Frage: Zurück zu Ihren Büchern: Darin behandeln Sie Jesus und Gott. Welche Fragen stellen die Schülerinnen und Schüler denn speziell zu diesen Themen?

Freytag: Bei der Bergpredigt fragen die Schülerinnen und Schüler beispielsweise, ob die Aussagen Jesu nicht eine heillose Überforderung sind und höchstens von ein paar Superfrommen eingehalten werden können. Außerdem kamen Fragen, was eigentlich die Jungfrauengeburt bedeutet, wie Jesu Wunder heutzutage zu verstehen sind oder wie Jesus die Kirche von heute betrachten würde. Zu Gott kamen Fragen wie: Ist Gott allmächtig? Wo ist Gott, wenn Menschen etwas Schlimmes passiert oder sie sich schreckliche Dinge antun? Das sind dann auch Fragen, die ans Eingemachte gehen.
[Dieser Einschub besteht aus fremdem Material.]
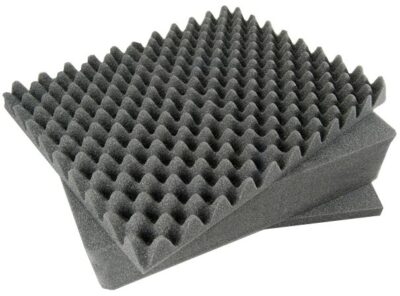 Pelican 1150 Foam Set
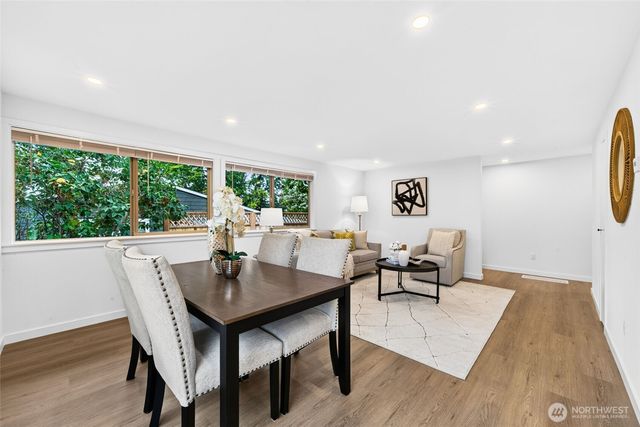 4846 S Kenny Street, Seattle, WA 98118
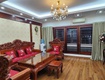 Bán nhà trung kính cầu giấy, phân lô, ôtô tránh, kinh doanh, 2 thoáng, 61m...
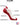 TCK socks Alabama Crimson Tide Golf Socks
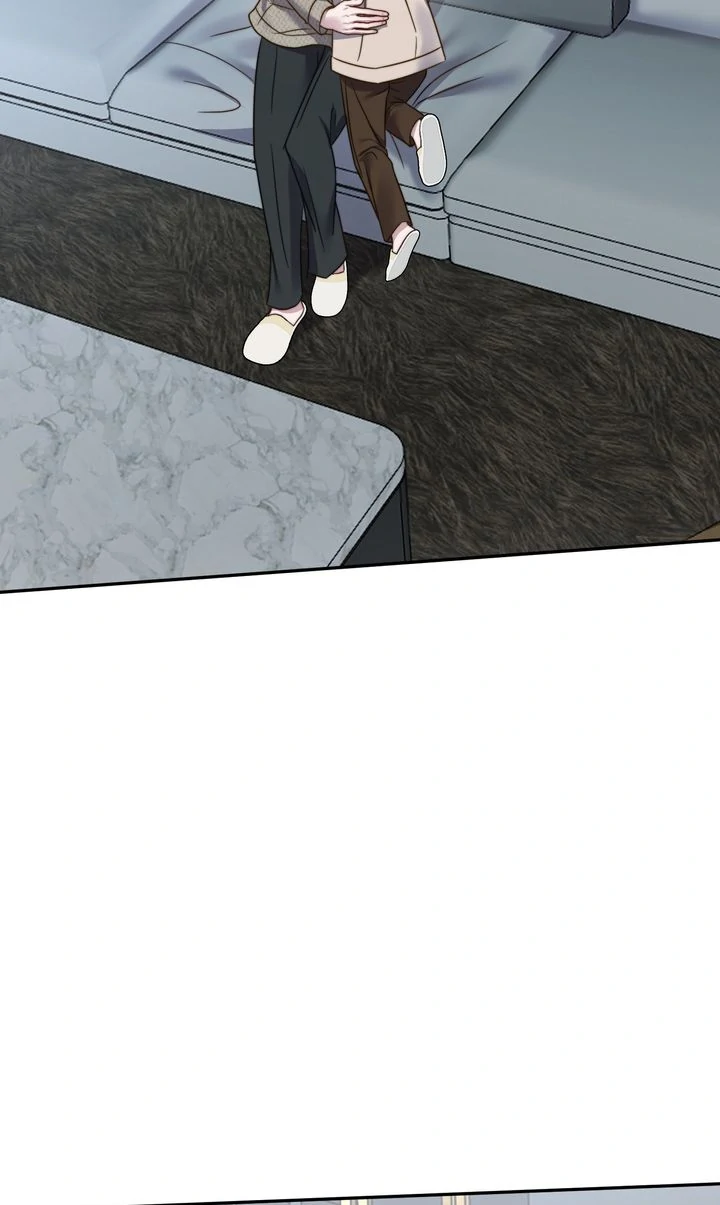 The Billionaire’s Replacement Wife chapter 37 page 76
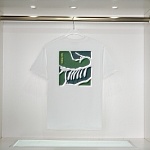 Arc'teryx Short Sleeve T Shirts For Men # 265737, cheap Arc‘teryx T Shirt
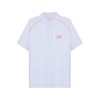 EA7/EA7 男士短POLO 男士棉质短袖POLO衫 3KPF03 PJ04Z 商品缩略图5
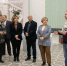 Татарстан изучает опыт подготовки педагогов в МПГУ - Министерство образования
Frage: Gab es denn Fragen, die Sie besonders überrascht oder besonders bewegt haben?

Freytag: Besonders bewegend finde ich immer die Fragen, die sich im Raum der Theodizee-Frage bewegen: Wo ist Gott im Leiden der Menschen und warum hat er das nicht verhindert, wenn er doch allmächtig ist? Es passiert auch im Leben der Schülerinnen und Schüler immer wieder, dass ein Freund, ein Geschwisterkind oder Elternteil stirbt. Dann kommen solche Fragen auch im Religionsunterricht auf und das sind auch die Fragen, die mich am meisten aufwühlen.

Frage: Sie sagen, dass die Bücher gut für den Religionsunterricht geeignet sind. Inwiefern?

Freytag: Die Bücher sind natürlich auch nicht das einzige Unterrichtsmaterial. Jetzt gerade gehe ich mit einem Oberstufenkurs das Jesus-Buch Kapitel für Kapitel durch, lasse sie zu entsprechenden Bibelstellen arbeiten und schaue dann in einem zweiten Schritt, was Eugen Drewermann zu dem einen oder anderen Problem zu sagen hat. Dabei arbeite ich natürlich nicht nur mit Drewermann, sondern auch mit anderen Positionen. Es soll ein gewisses Konzert von Stimmen zusammenkommen. Ich habe aber schon den Eindruck, dass die Bücher gut bei den Schülerinnen und Schülern ankommen, weil es an manchen Stellen ausführlichere Erklärungen gibt, die man so nicht in den Religionsbüchern findet. Auch ich habe bei der Arbeit an den Büchern sehr viel dazugelernt.

Frage: Was heißt das?

Freytag: Man ist gerade als Religionslehrer mit seinen Schülerinnen und Schülern in einer stetigen Suchbewegung. Ich bin manchmal auch von deren Fragen und Antwortversuchen überrascht. Man ist immer zusammen auf der Suche, kommt dabei manchmal auch auf Altbewährtes zurück, aber kein Kurs läuft wie der andere und keine Frage und keine Antwort ist wie die andere. Deswegen ist das eine ständige Suchbewegung und das ist gerade das Spannende am Fach Religion.

Von Christoph Brüwer

Zur Person

Martin Freytag unterrichtet die Fächer Katholische Religion und Deutsch am Gymnasium Remigianum im münsterländischen Borken. Gemeinsam mit Eugen Drewermann hat er zwei Bücher veröffentlicht:

Eugen Drewermann/Martin Freytag: Das Geheimnis des Jesus von Nazareth. Eugen Drewermann antwortet jungen Menschen. Patmos Verlag 2019, 144 Seiten, ISBN: 978-3-8436-1080-3, 12 Euro.

Eugen Drewermann/Martin Freytag: Gott, wo bist du? Eugen Drewermann antwortet jungen Menschen. Patmos Verlag 2021, 176 Seiten, ISBN: 978-3-8436-1210-4, 12 Euro.